## Data for this task
•••

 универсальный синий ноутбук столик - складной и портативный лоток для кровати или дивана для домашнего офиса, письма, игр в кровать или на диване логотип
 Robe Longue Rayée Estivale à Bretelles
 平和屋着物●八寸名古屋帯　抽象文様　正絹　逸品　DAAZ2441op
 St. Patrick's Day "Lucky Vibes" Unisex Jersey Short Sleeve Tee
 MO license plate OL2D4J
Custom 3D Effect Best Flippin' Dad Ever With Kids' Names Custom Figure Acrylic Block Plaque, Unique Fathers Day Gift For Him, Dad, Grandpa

•••

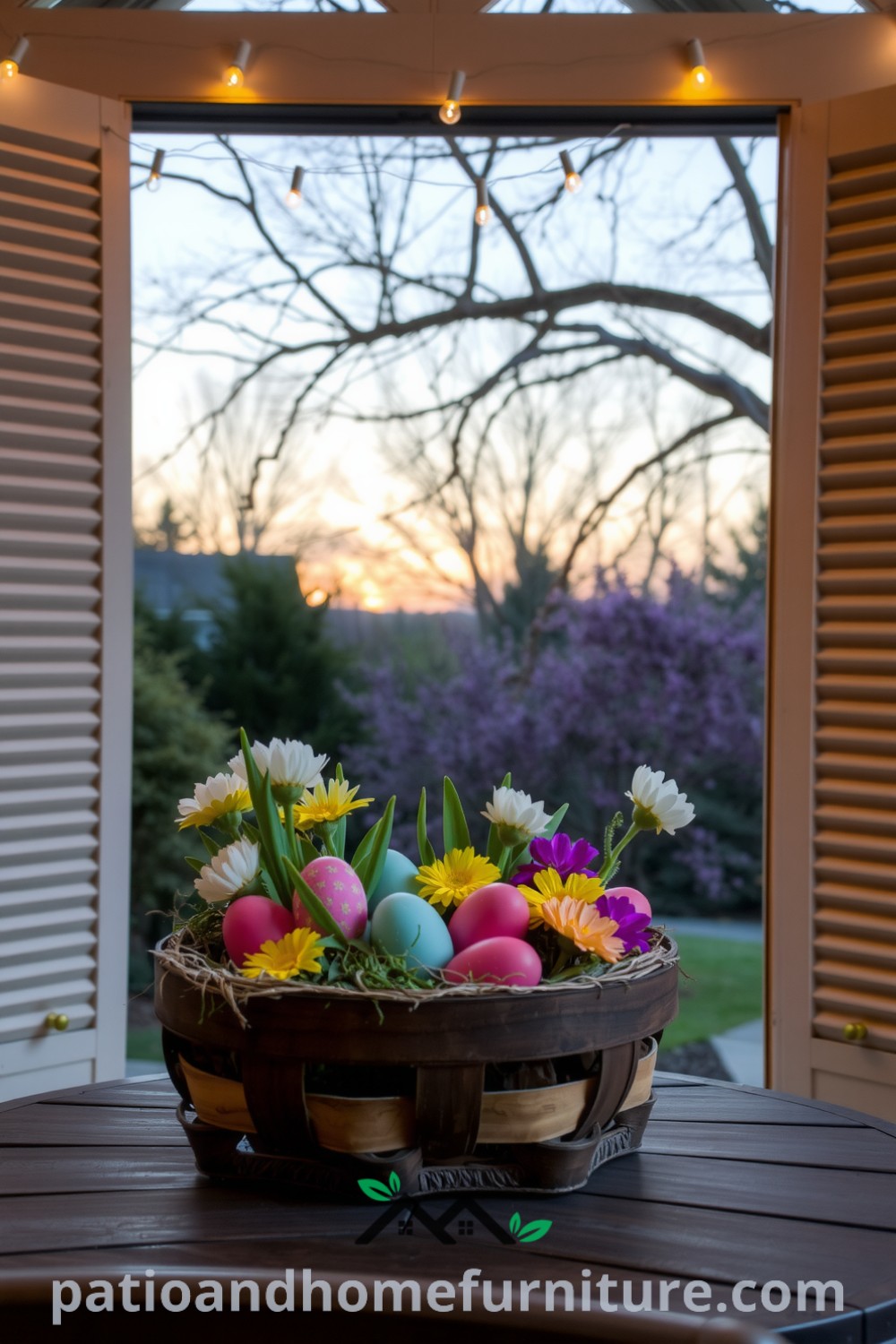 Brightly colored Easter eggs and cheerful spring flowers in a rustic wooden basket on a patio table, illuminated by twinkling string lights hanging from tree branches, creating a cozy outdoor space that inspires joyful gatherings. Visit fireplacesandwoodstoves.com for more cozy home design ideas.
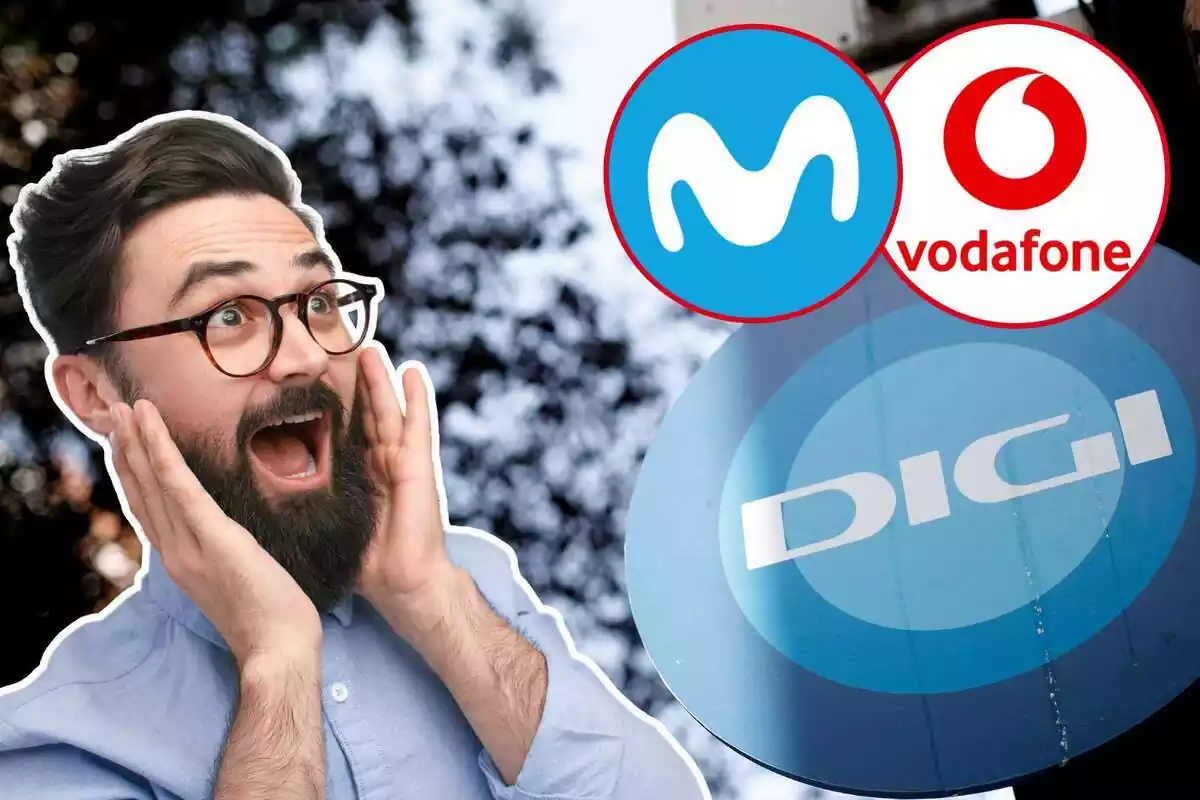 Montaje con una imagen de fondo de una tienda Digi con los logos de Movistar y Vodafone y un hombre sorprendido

•••

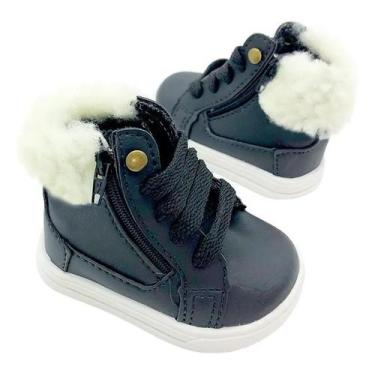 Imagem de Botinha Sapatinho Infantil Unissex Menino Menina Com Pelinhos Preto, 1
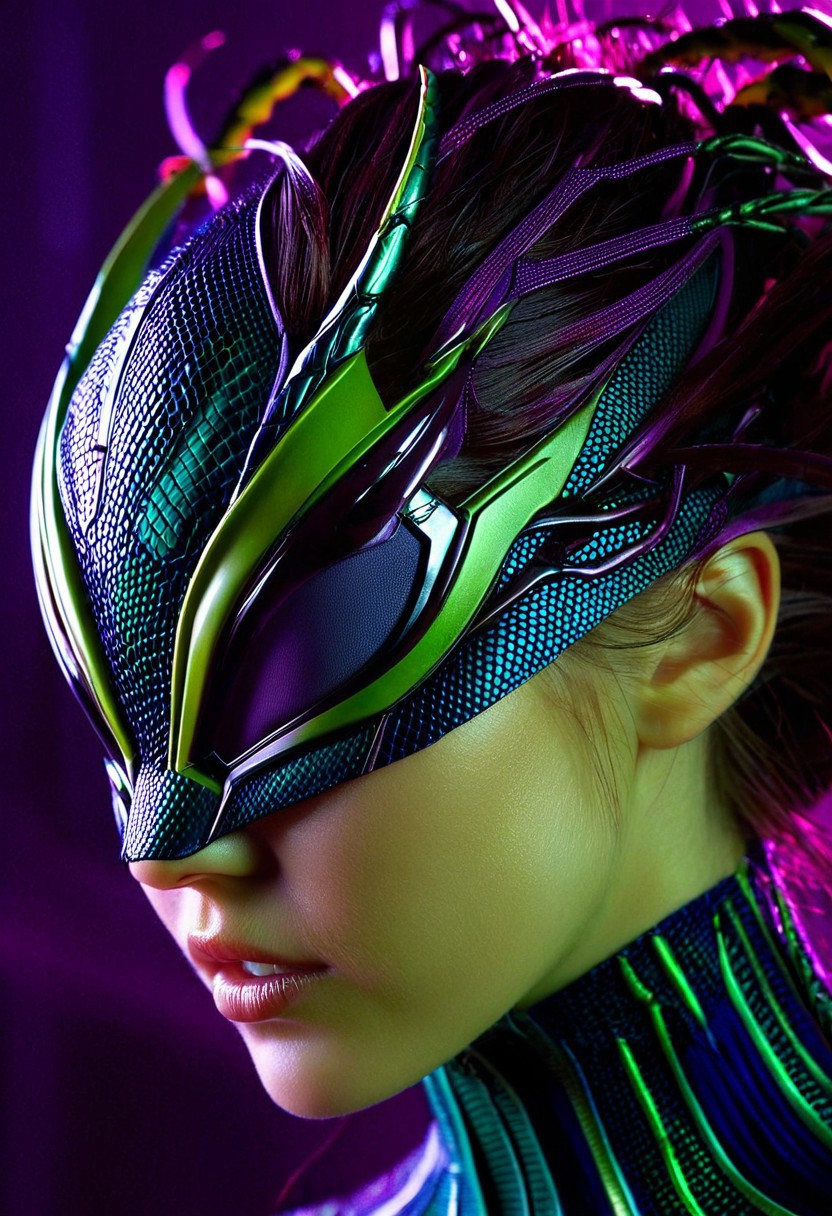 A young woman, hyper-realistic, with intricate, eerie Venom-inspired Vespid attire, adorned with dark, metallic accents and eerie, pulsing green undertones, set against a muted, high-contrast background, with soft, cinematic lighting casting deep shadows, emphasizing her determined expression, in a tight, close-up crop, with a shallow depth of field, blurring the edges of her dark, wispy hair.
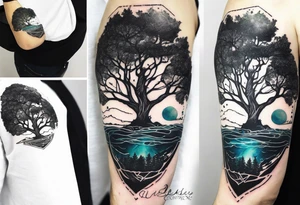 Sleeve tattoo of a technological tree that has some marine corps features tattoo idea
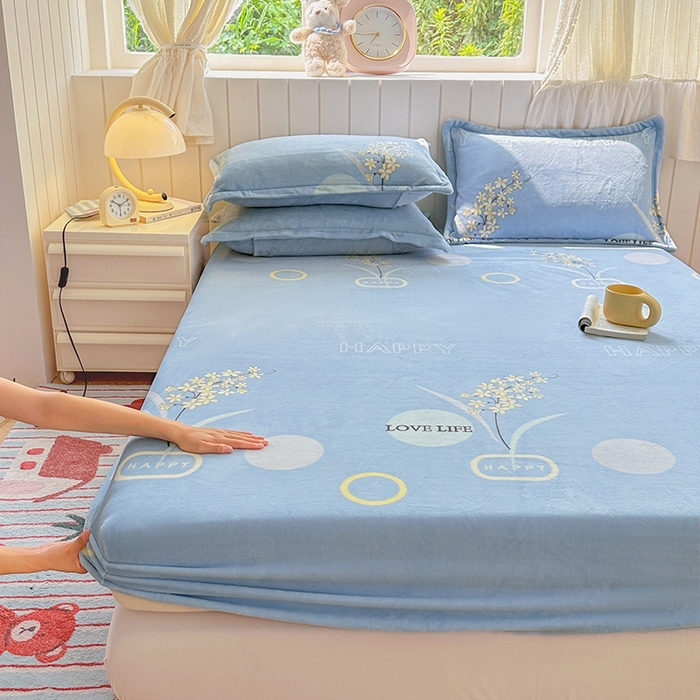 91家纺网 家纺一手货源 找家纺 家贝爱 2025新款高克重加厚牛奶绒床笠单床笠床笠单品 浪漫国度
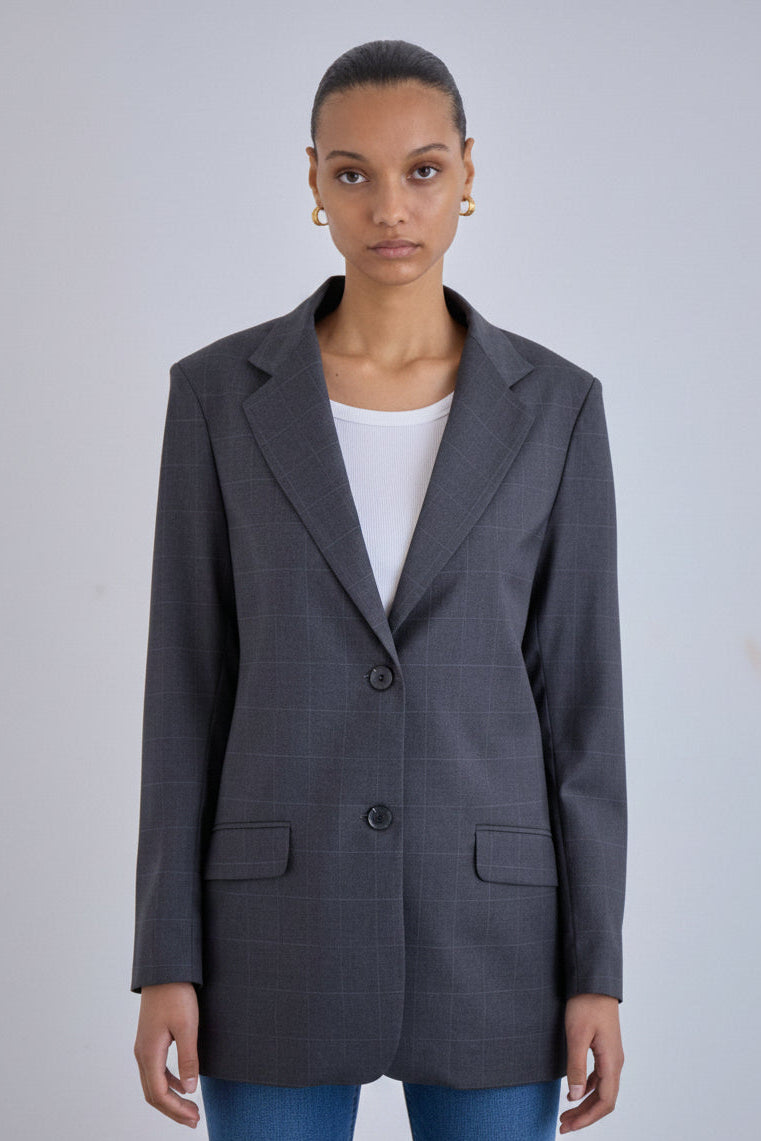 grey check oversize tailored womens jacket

•••

## Problem to work on
When you reach the line in the material above that holds "平和屋着物●八寸名古屋帯　抽象文様　正絹　逸品　DAAZ2441op", begin reproducing lines exactly, and stop after the line that holds "Custom 3D Effect".

## Written answer
 平和屋着物●八寸名古屋帯　抽象文様　正絹　逸品　DAAZ2441op
 St. Patrick's Day "Lucky Vibes" Unisex Jersey Short Sleeve Tee
 MO license plate OL2D4J
Custom 3D Effect Best Flippin' Dad Ever With Kids' Names Custom Figure Acrylic Block Plaque, Unique Fathers Day Gift For Him, Dad, Grandpa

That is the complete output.